Public Safety First, a political action committee created to oppose Prop 19), Californians for a Drug-Free Youth, DARE America, and other anti-drug organizations.

But given marijuana's increasing popular acceptance, legalization foes aren't getting much traction anymore with "marijuana is the devil's drug" messages. Instead, they are forced into tangential attacks: Prop 19 will lead to more drugged driving; it will lead to workers high on the job, they say. It won't earn tax revenues because everyone will grow his own. It will create a "regulatory nightmare." Jacob Sullum at Reason magazine and veteran expert activist and Prop 19 steering committee member Chris Conrad's Prop 19 Fact Check and Rumor Control web page both do a thorough job of debunking those claims.

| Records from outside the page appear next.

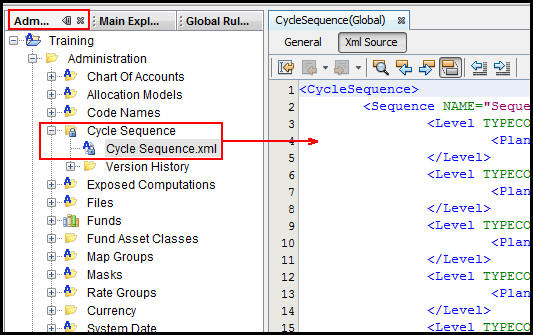 Cycle Sequence in Admin Explorer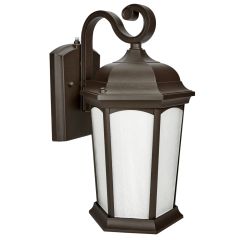 LED Outdoor Wall Light, Porch Lantern, Bronze w/ Frosted Glass, Dusk to Dawn Sensor, 750 Lumens, 3 CCT 3000K-5000K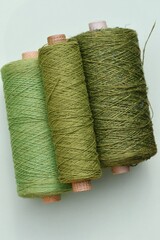 Photo of threads in different shades of green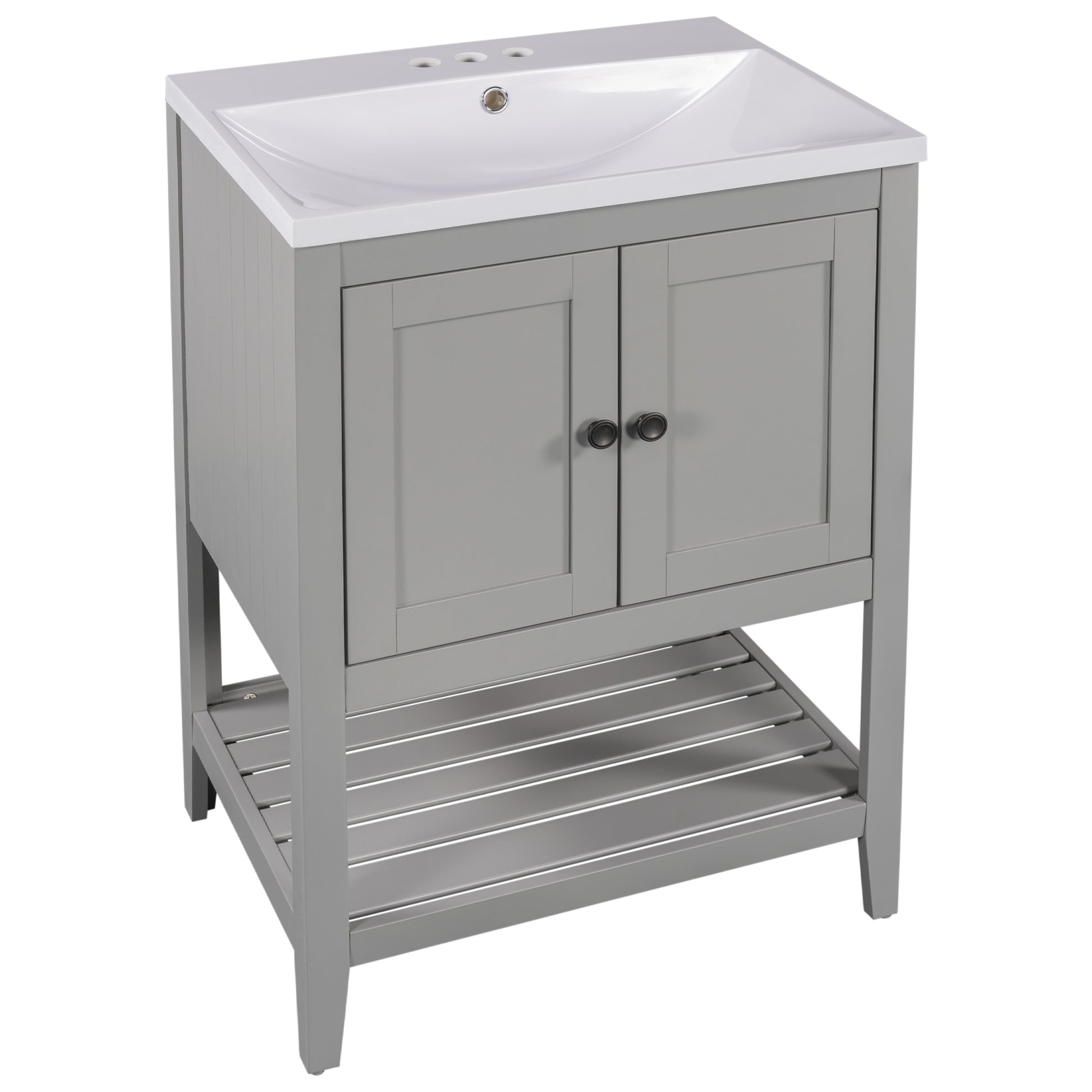 Video 24" Grey Modern Sleek Bathroom Vanity Elegant Ceramic Sink With Solid Wood Frame Open Style Shelf Old Sku: Jl000004Aae Grey Solid Wood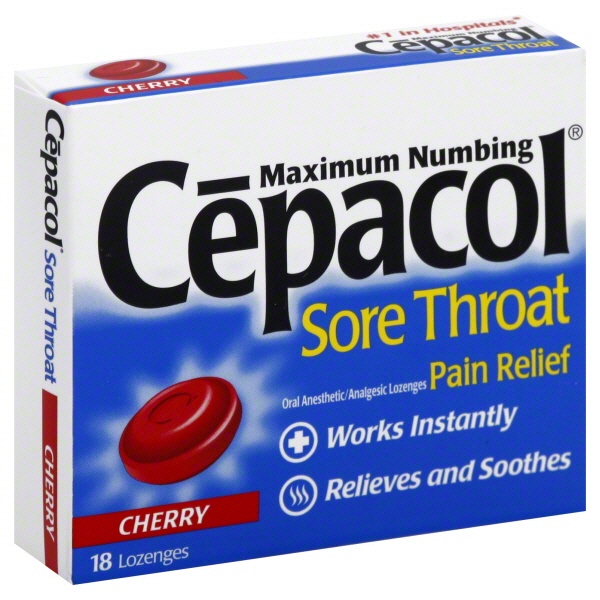 slide 1 of 5, Cepacol Sore Throat Maximum Numbing Lozenges Cherry, 18 ct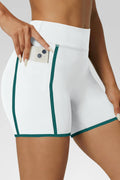 Aoysky Womens White High Waist Biker Shorts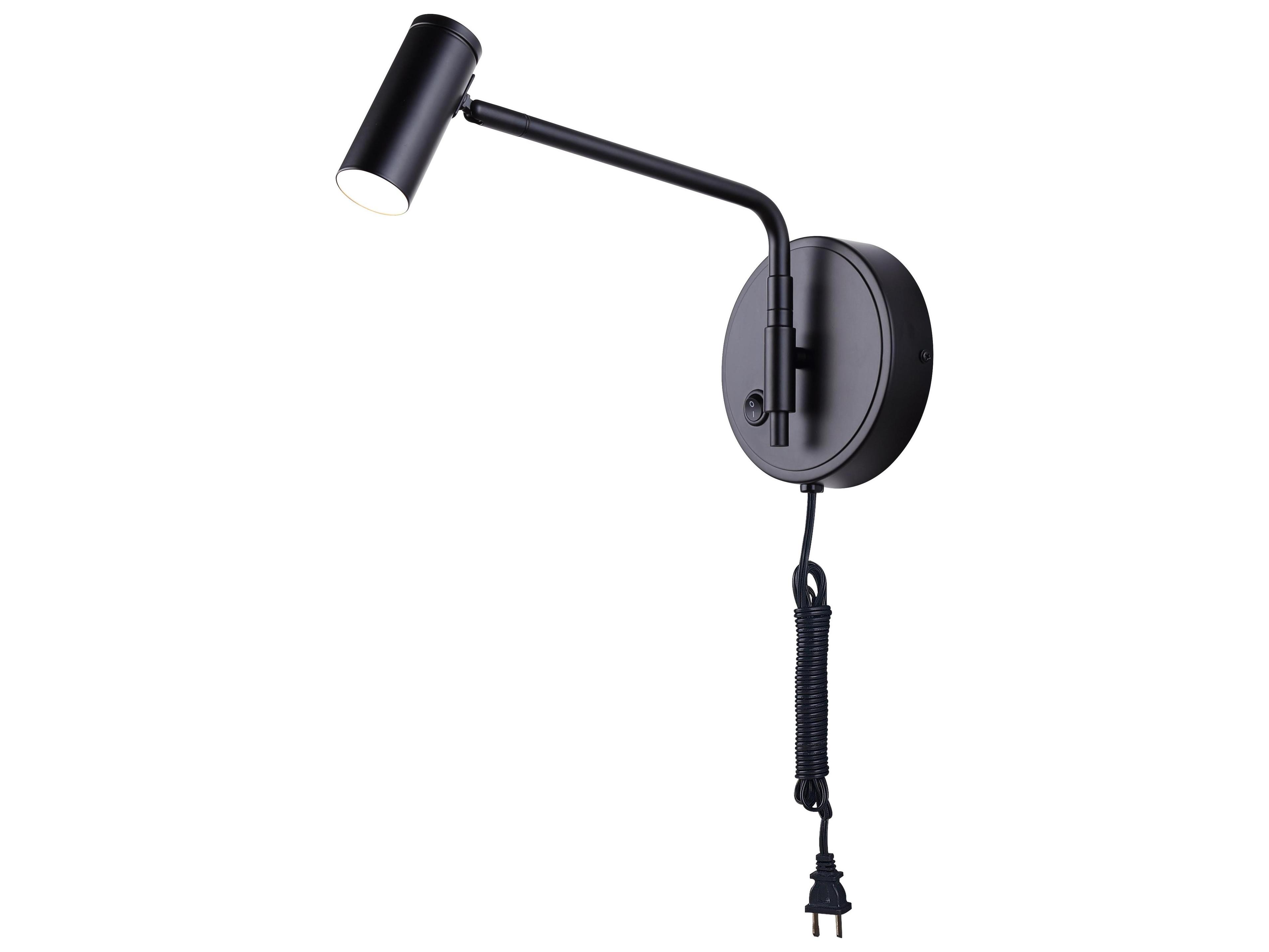 Canarm Teo 1 -light Black LED Swing Wall Sconce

The opposition so far has been relatively low profile -- because it doesn't have any money. According to campaign contribution data at the California Secretary of State's office, Public Safety First has only managed to raise $178,000 to oppose Prop 19 this year, and more significantly, only has $54,000 in the bank right now. That's not enough to bankroll any kind of media campaign in the nation's most populous state.

That's a change from the past, when foes of drug reform initiatives could count on big money from special interests, as was the case in 2008, when a sentencing reform initiative that appeared headed for victory went down in flames after a big injection of funds from the powerful and wealthy prison guards' union. This year, the prison guards and their pile of cash are sitting it out.